Висенна осмотрела пещеру, уверенно направилась в угол, носком сапога перевернула камень, из ямки под ним извлекла глиняный горшочек, завязанный промасленной кожей. Разрезала ремешок своим золотым серпиком, вынула сверток пергамента. Фрегеналь злобно глядел на нее.
– Надо же, – сказал он дрожащим от ярости голосом. – Какой талант, поздравляю. Умеем отыскивать спрятанные вещи. Что еще умеем? Ворожить по бараньим кишкам? Лечить вздутие живота у телок?
Висенна просматривала лист за листом, не обращая на него внимания.
– Интересно, – проговорила она немного погодя. – Одиннадцать лет назад, когда тебя изгнали из Круга, пропали страницы из Запретных Книг. Хорошо, что нашлись, к тому же обогащенные комментариями. Ишь ты, решился использовать Двойной Крест Альзура, ну-ну. Не думаю, чтобы ты забыл, как кончил Альзур. Несколько созданных им творений еще вроде бы болтаются по свету, в том числе и последнее, вий, который изуродовал его и разрушил половину Марибора, прежде чем сбежать в зареченский лес.
Она сложила несколько листов вчетверо, спрятала в карман буфастого рукава кафтана и развернула следующие.
– Ага, – наморщила она лоб. – Формула Древокорня, немного измененная. А это Треугольник в Треугольнике, способ вызвать серию мутаций и колоссальный прирост массы тела. А что же послужило исходным существом, Фрегеналь? Что это? Похоже на обычного паурака? Чего-то тут недостает, а, Фрегеналь? Надеюсь, ты понимаешь, о чем я?
– Рад, что ты заметила, – поморщился волшебник. – Обычный паурак, говоришь? Когда этот обычный паурак сойдет с перевала, мир онемеет от ужаса. На мгновение. А потом захлебнется криком.
– Ладно, ладно. Где недостающие заклинания?
– Нигде. Я не хотел, чтобы они попали не в те руки. Тем более в ваши. Мне известно, что Круг мечтает о власти, которую можно заполучить, зная эти заклинания. Но ничего не выйдет. Вам никогда не удастся создать что-нибудь, хотя бы наполовину столь же ужасное, как мой костец.
– Похоже, тебя били по темечку, Фрегеналь, – сказала Висенна спокойно. – И, видно, поэтому ты все еще не можешь размышлять, как положено. Кто тут говорит о создании? Твое чудовище надо уничтожить. Самым простым способом, перевернув созидающее заклинание, то есть с помощью Эффекта Зеркала. Конечно, созидающее заклинание было настроено на твой жезл, значит, надо будет перенастроить его на мой халцедон.
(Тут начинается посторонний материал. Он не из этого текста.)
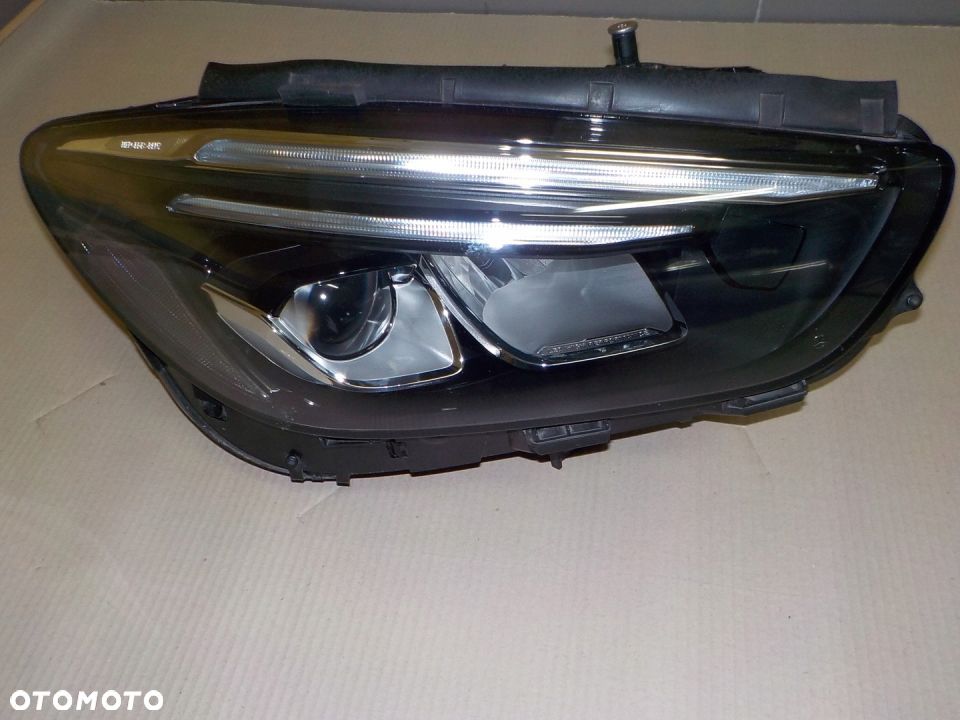 MERCEDES B-KL W247 LAMPA PRZÓD PRZEDNIA FULL LED - 2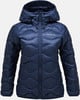 Damen-Steppjacke in Dunkelblau mit Kapuze und Peak Performance Logo.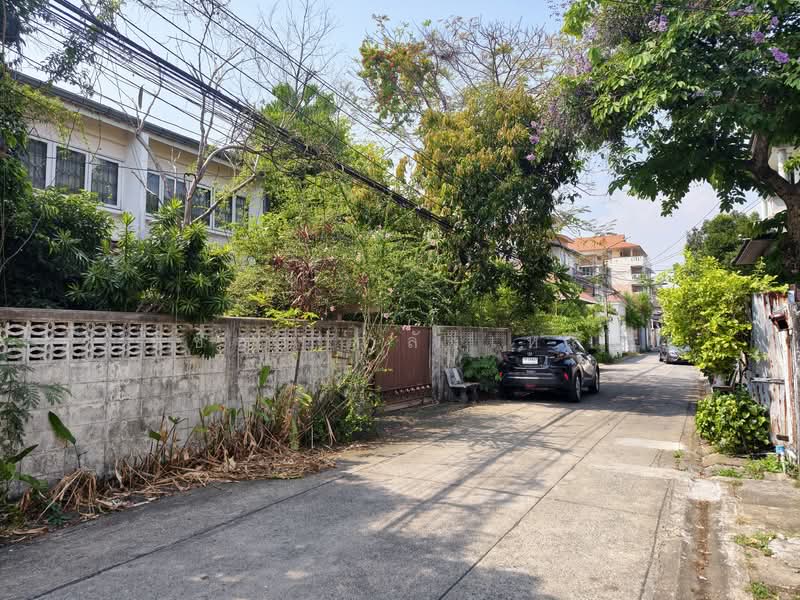 Ladprao Road Soi 110, Bangkok, ลาดพร้าว, Phlapphla, Wang Thonglang, Bangkok, 4 Bedrooms, 200 sqm, Single Detached House For Sale, by นัชชา กำลังเหลือ, 500171670 - DDproperty.com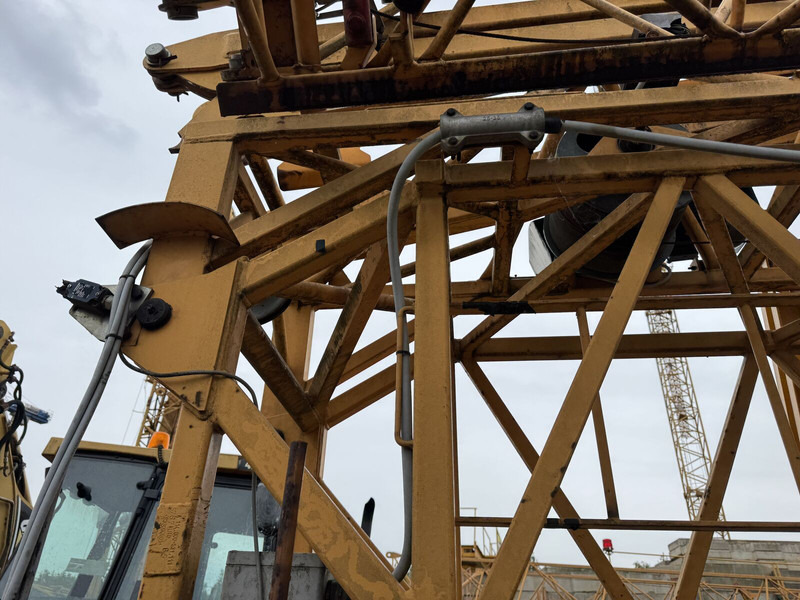 Liebherr 42K.1, 2008 yom - some Works needed - رافعة برجية: صور 4 Liebherr 42K.1, 2008 yom - some Works needed - رافعة برجية: صور 4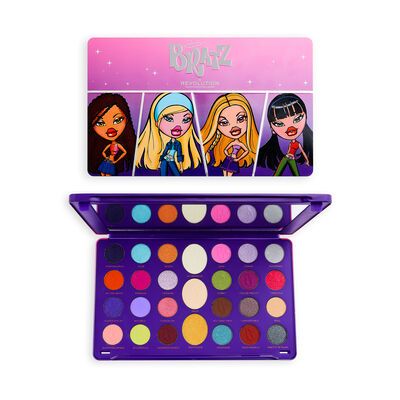 Bratz Eyeshadow, Christmas Presents For Family, Bratz Rock Angelz, Bedroom Girly, 2000s Fashion Aesthetic, Revolution Palette, Bratz Makeup, Homer And Marge, Smokey Eye Easy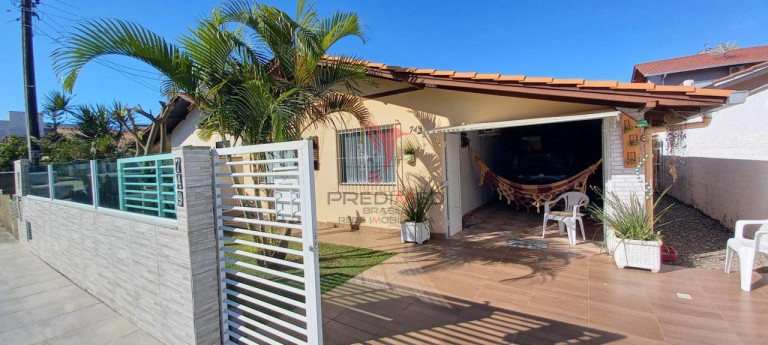 Imagem Casa com 3 Quartos à Venda, 100 m² em Centro - Penha Imagem Casa com 3 Quartos à Venda, 100 m² em Centro - Penha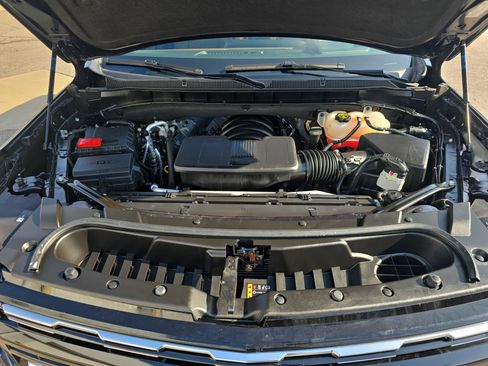 Used 2025 Chevrolet Tahoe High Country image 32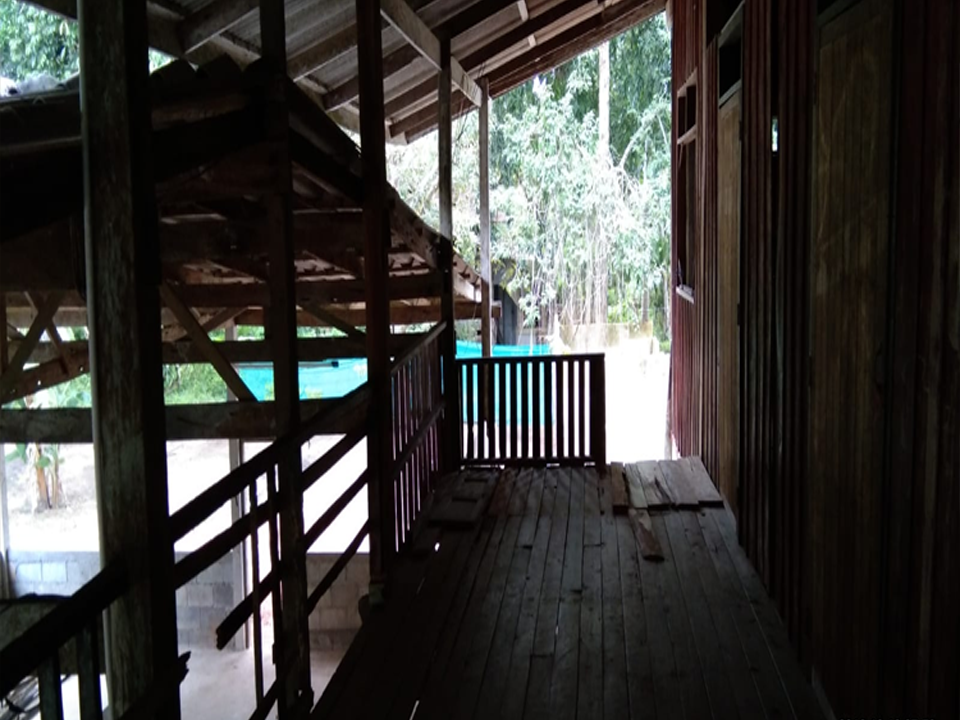 pondok-tok-ayah-perak-thailand-malaysia-beranda-02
– Больно уж много всяких «надо будет», – буркнул толстяк. – Придется тебе здесь сидеть до Судного дня, заумная девчонка. Почему ты вдруг решила, что я выдам тебе созидающее заклинание? Смешно! Ты не вытянешь из меня ничего, ни из живого, ни из мертвого. У меня блокада. Не пялься так. Не то твой камушек лоб тебе прожжет. А ну, давай развяжи меня, занемел я весь.
– Хочешь, дам тебе пару пинков? – усмехнулся Корин. – Ускоряет кровообращение. Похоже, ты не понимаешь своего положения, дуб лысый. Сейчас сюда явятся кметы, которым здорово докучала твоя банда. Я слышал, они намерены разорвать тебя на куски четверкой лошадей. Ты когда-нибудь видел, как это делается? Сначала отрываются руки…
Фрегеналь напружинился, вытаращил глаза и попробовал плюнуть Корину на сапог, но из положения, в котором он лежал, сделать это было трудно – он лишь обслюнявил себе бороду.
– Вот, – фыркнул он, – вот как я испугался ваших угроз! Ничего вы мне не сделаете! Что ты себе вообразил, бродяга? Влез в самую гущу дел, которые тебе не под силу! Спроси ее, зачем она сюда явилась? Висенна, объясни ему. Похоже, он принимает тебя за благородную спасительницу угнетенных, борца за благополучие бедняков! А тут все дело в деньгах, кретин! В бо-о-ольших деньгах!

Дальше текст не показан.